Share of Latinos in Fla. up by 60 percent

The share of Hispanics living in Florida grew by almost 60 percent over the past decade as the percentage of white residents declined slightly and the proportion of blacks and Asians inched up, according to data released Thursday by the U.S. Census.

Hispanics now make up 22.5 percent of Florida's 18.8 million residents, up from 16.7 percent of Floridians in 2000, when the state only had 15.9 million residents, the Census data showed.

"Were it not for the Hispanics, whether it has to do with fertility, immigration, in-migration from other states, or some combination of all three, Florida would be in much worse shape demographically, " said William Frey, a demographer with the Brooking Institution Metropolitan Policy Program in Washington. "Florida has traditionally been a haven for everybody, especially white northeasterners and Midwesterners."

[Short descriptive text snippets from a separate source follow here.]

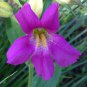 250 Seeds PURPLE MONKEY FLOWER Mimulus Ringens (Seeds)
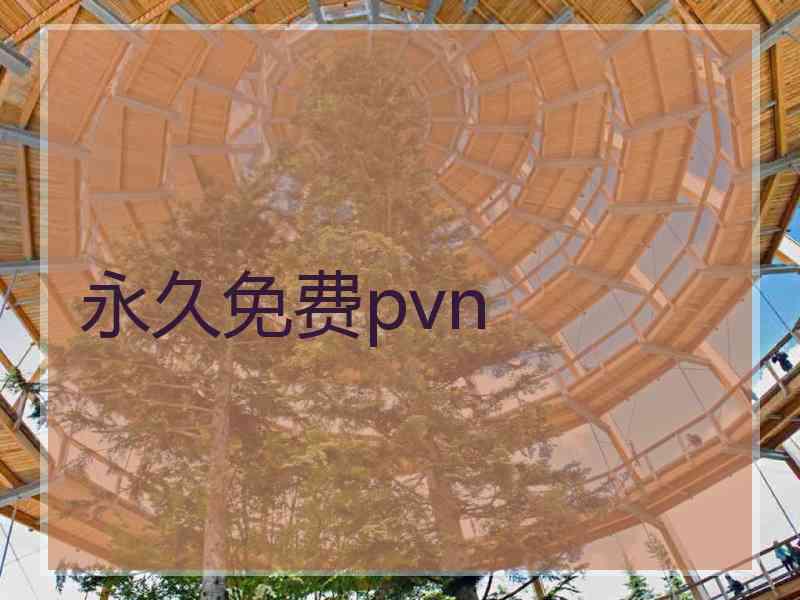 永久免费pvn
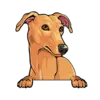 Greyhound (Brown)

That isn't so much the case now as it has been in the past. The share of whites moving to Florida last decade was smaller than it was in the previous decade, Frey said.

Non-Hispanic whites now make up 57.8 percent of Florida's population in 2010, down from 66 percent of the population in 2000. Their numbers grew by just under a half -million residents to 10.8 million people, the Census showed.

The non-Hispanic black population grew by more than 586,000 residents, so that they now make up 15.2 percent of the population, up from 14.1 percent of the population in 2000.

Asians now make up 2.4 percent of Florida's residents, or more than 454,000 people, up from 1.6 percent in 2000.

Florida's overall population increased by 2.8 million from 2000 to 2010. The decade was powered by rapid growth in the first half but it ended with tepid migration to the state, a result of a housing bust and the recession. The growth, however, was in the same ballpark as the 3 million to 3.2 million person increase seen in the previous three decades, said Stan Smith, an economics professor at the University of Florida.

"That might be surprising to people," Smith said. "Because of the tremendous slowdown of the last couple of years, that causes them to forget the very high growth that we saw in the early and middle part of the decade. When you add that together, you get a decade that really isn't too much different in terms of population growth."

The counties with the greatest growth over the decade were Flagler and Sumter counties in north and central Florida. Sumter County's growth was powered by The Villages retirement community and the growth of Palm Coast powered Flagler County's growth, Smith said.

Monroe County, home to the Florida Keys, and Pinellas County, home to St. Petersburg, were the only Florida counties that experienced small declines. The lack of available land for development and the high cost of housing likely drove the drop in Monroe County's population, while an aging population whose births failed to replace its deaths likely contributed to the decline in Pinellas County, Smith said.